It is true that feminism has brought a positive change in the world. Women now, at least in westernized countries enjoy equal political opportunity, increased economic independence and lesser social stigma from promiscuity. The resounding motto of today is "what men can do, women can do better" or some derivation of that sort. Technically speaking it is true. Take a man and woman with roughly the same height and weight, train them in, say boxing, for the same duration and have them duke it out in the ring. Chances are the match would go either way. And so it would seem that feminism has it right in this point. It does come however at a price, with the masculinisation of women comes the femization of men.
Here, we define feminization as men embracing effeminate values as the status quo. This also includes apparent subordination and appeasement to women which is actually more widespread as it is insidious in its subtleness which allows itself to go under the radar. Here we use semiotic analysis as the main tool. A semiotic analysis identifies the visual and linguistic signs in the ad, to see how the signs are organized by paradigmatic and syntagmatic selection, and note how the signs relate to each other through various coding systems' (Johnston et al 2000). Semiotic analysis allows us to decode the meanings intrinsic to the commercials. Here we explore the representation of men in advertisements. To clarify the concept, representation is "a set of practices by which meanings are constituted and communicated".

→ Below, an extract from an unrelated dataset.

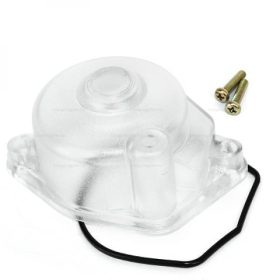 Úszóház PHVA / PHBN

In this race of the sexes, the media plays a vital role in spreading propaganda. A number of ads now represent men as meek and passive. It is this type of commercials that supplant the idea that somehow indecisiveness, timidness and sensitivity is something men ought to aspire to. This idea is captured in the recent Cadbury Chocolate ad wherein the ad revolves around the "courtship" of the boy to the girl by offering a gift of candy.